This article was translated by John R. Bopp
The Basques of the diaspora are like the air: they’re essential and present everywhere, even if most of the time, they’re not visible. But, regardless, at any moment, if we just scratch a little at history, we can find them participating in all kinds of interesting events, big and small. We’ve found an example of that today in the Idaho Mountain Express, when they published an article on the retirement (at the age of 71!) as a ski instructor of renown local artist Ralph Harris. He’s quite a character in Sun Valley.
In the article, we discovered that his mother’s name was Pilar and that his family, the Arriagas, came to Idaho from the Basque Country in 1881, to be shepherds at that time. In the ’50s, in one of those coincidences in life, Pilar Arriaga and her sister Paulita met Ernest Hemingway during one of his regular stays in Sun Valley. It’s no secret that Hemingway was deeply interested in Basque culture, which, when joined by his love of a beautiful table, led him to share more than one evening with Pilar and her son Ralph Harris, enjoying a Basque dinner and speaking, no doubt, about the stories of our country.

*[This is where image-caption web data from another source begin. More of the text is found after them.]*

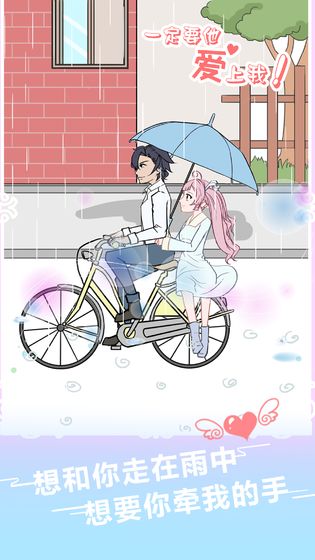 一定要他爱上我2游戏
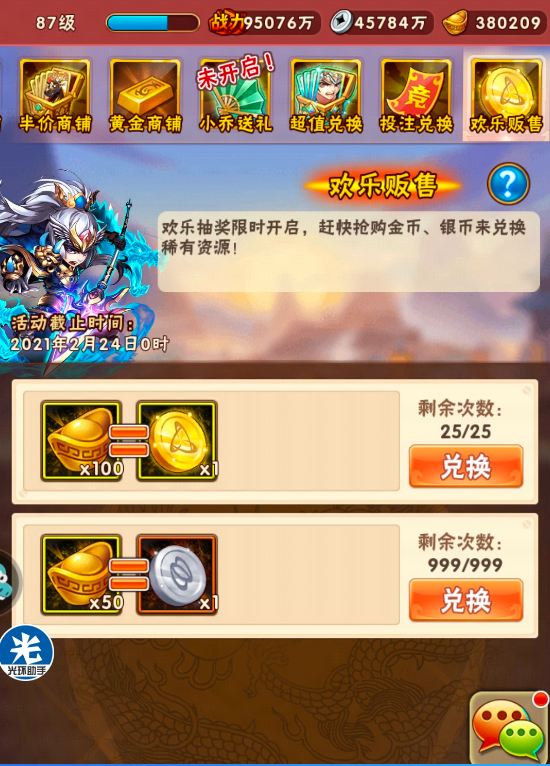 少年三国志镇魂币买什么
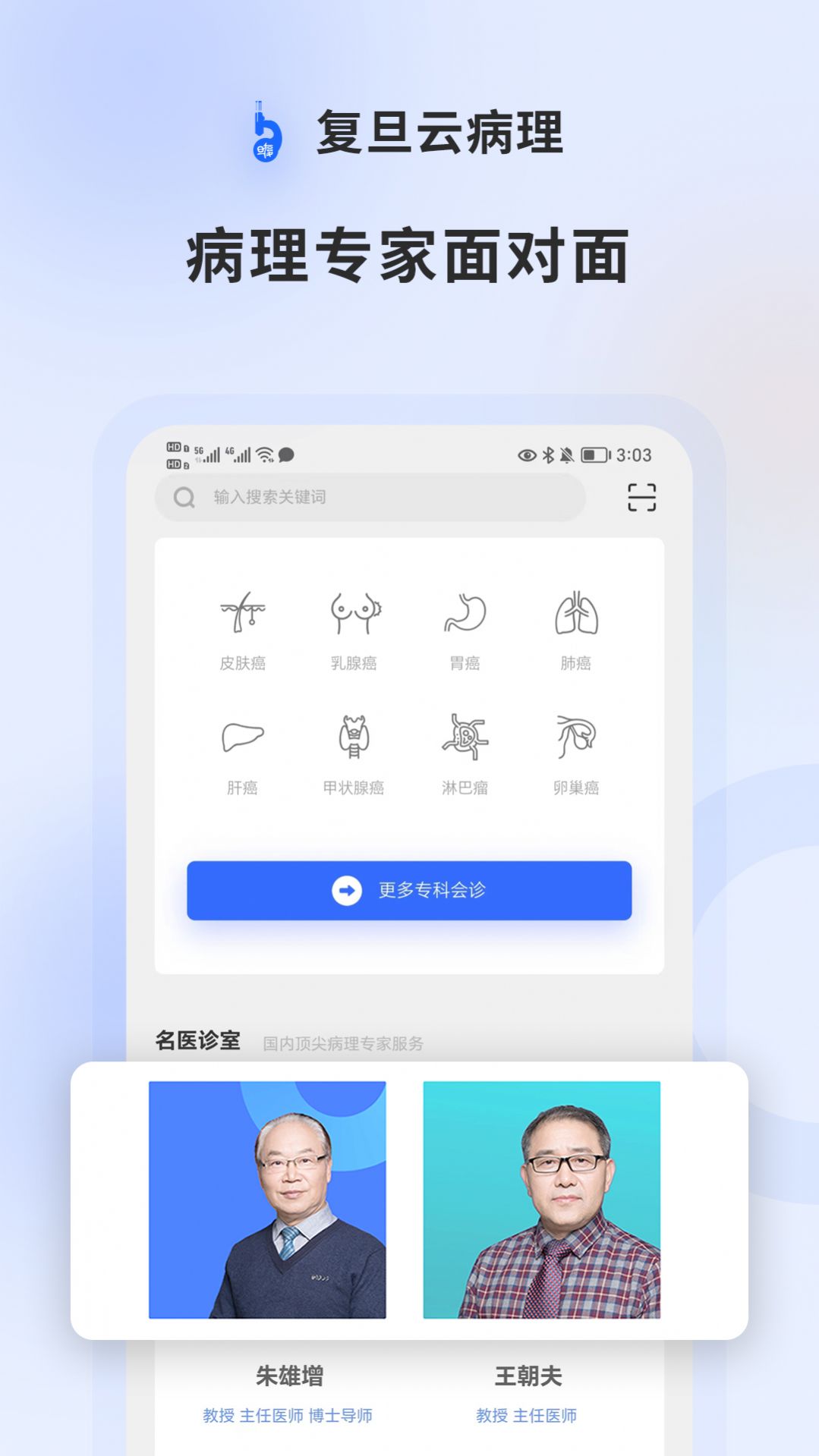 复旦云病理app图1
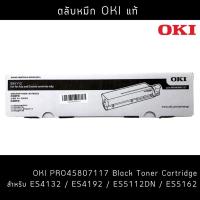 ราคา OKI ตลับหมึกสีดำ ES5112 (P/N PRO45807117) ของแท้ สำหรับ Oki ES5112dn (21977751797)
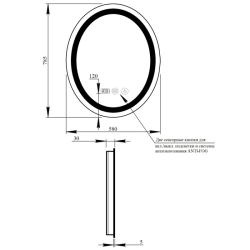 Дзеркало Qtap Mideya LED DC-F801 600*800 із антизапотіванням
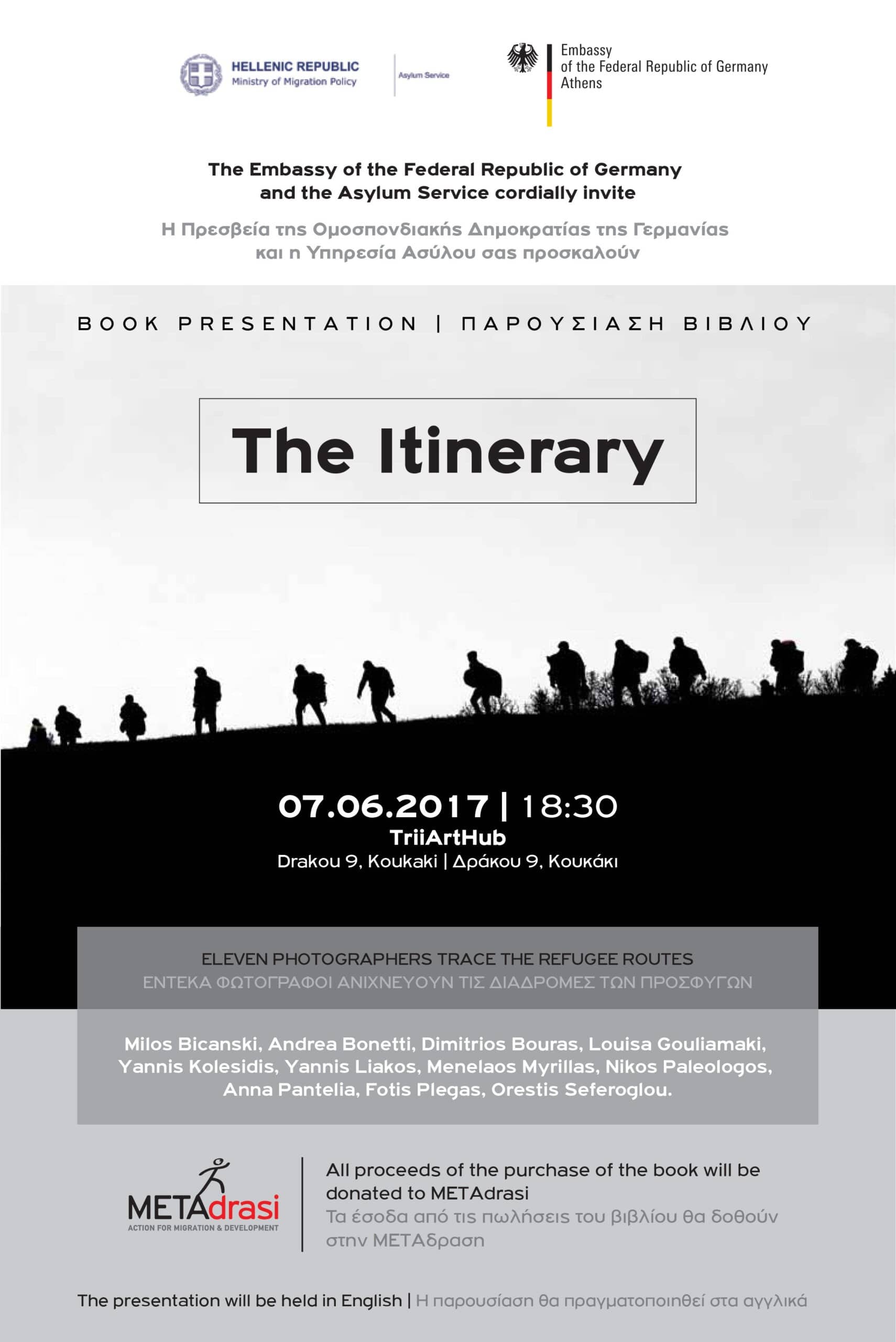 Metadrasi - invitation itinerary scaled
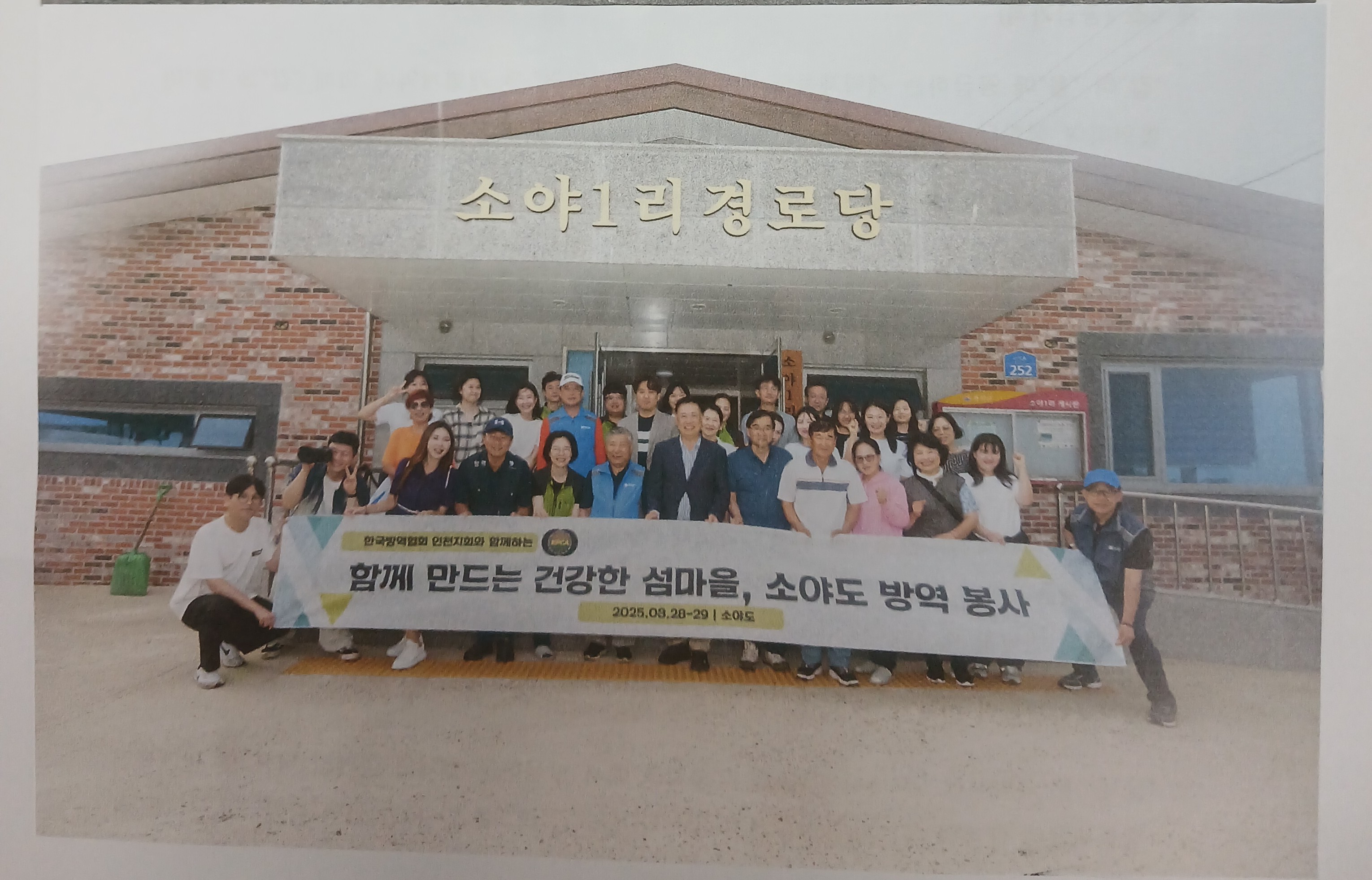 게시판 본문의 첨부파일 이미지입니다. : 인천지회 소야도.jpg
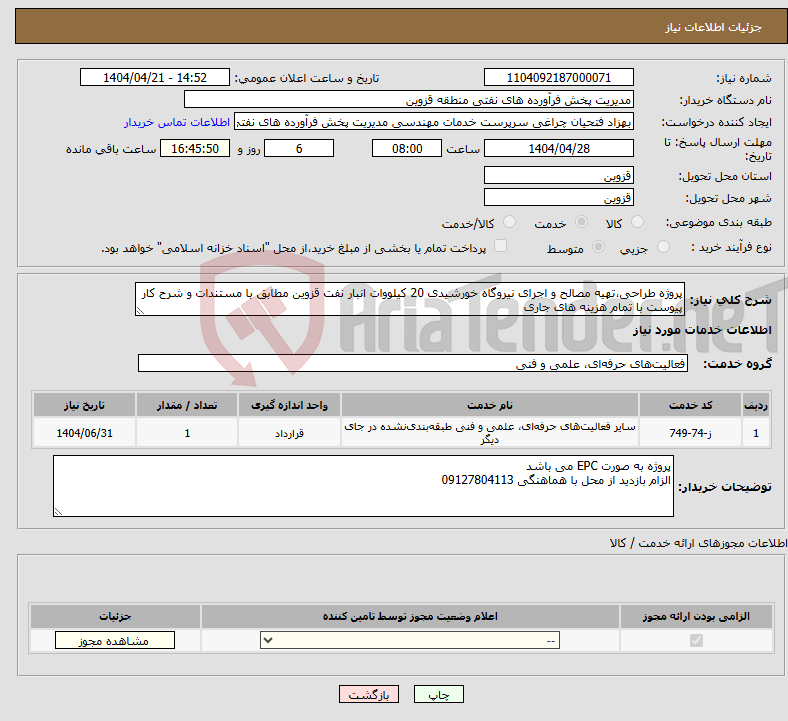 تصویر کوچک آگهی نیاز انتخاب تامین کننده-پروژه طراحی،تهیه مصالح و اجرای نیروگاه خورشیدی 20 کیلووات انبار نفت قزوین مطابق با مستندات و شرح کار پیوست با تمام هزینه های جاری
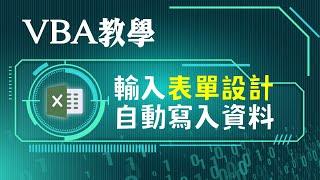 VBA UserForm：開始設計輸入表單，建立標籤及文字方塊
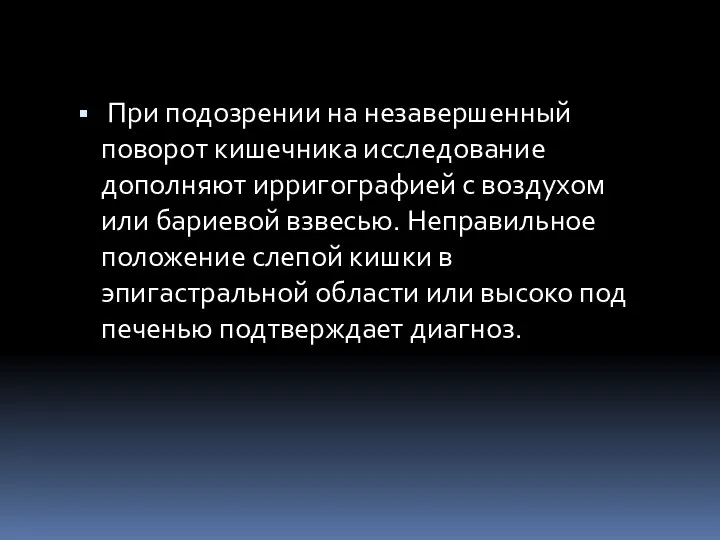 При подозрении на незавершенный поворот кишечника исследование дополняют ирригографией с воздухом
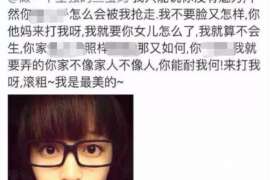 女人出轨后是否真心想要挽回婚姻？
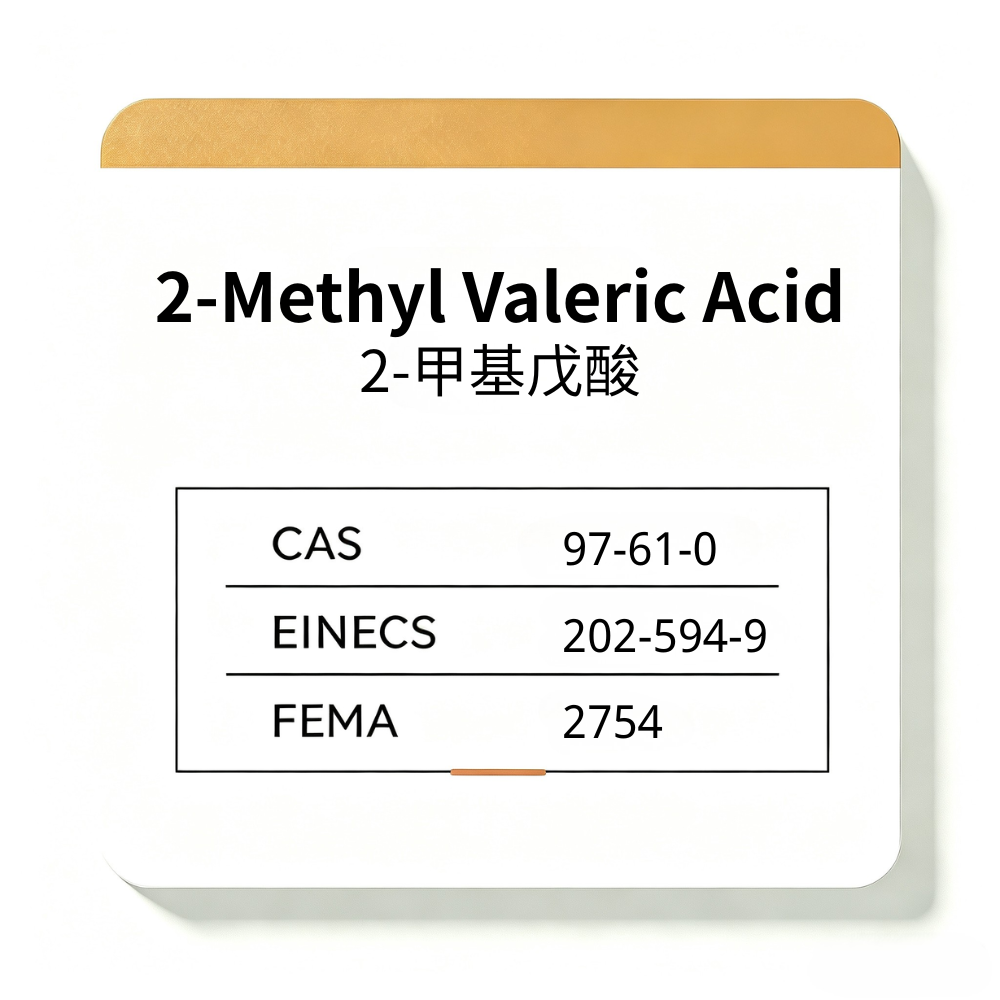 2-Methyl Valeric Acid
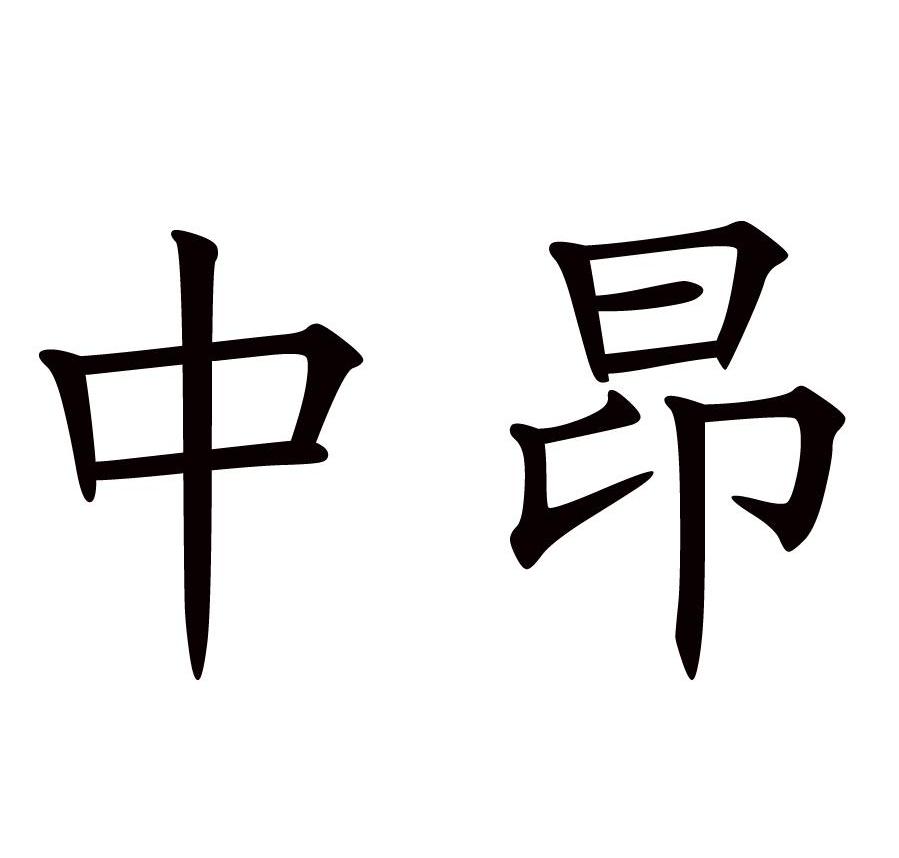 中昂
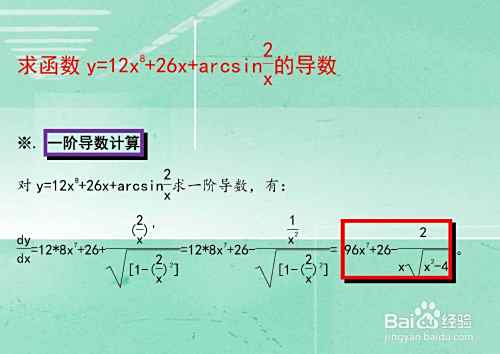 求函数y=12x^8+26x+arcsin2.x的导数计算-趣考网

Idaho Mountain Express 29-6/2011 – USA
Not Ralph Harris’ first valley rodeo
…Hemingway had more than a passing interest in Basque culture. He had written about the running of the bulls in Pamplona in “The Sun Also Rises” and documented bullfighting in Spain in “Death in the Afternoon.” Pilar and Ralph Harris entertained Hemingway at their home in Hailey, serving Basque cuisine and perhaps a few stories from the old country.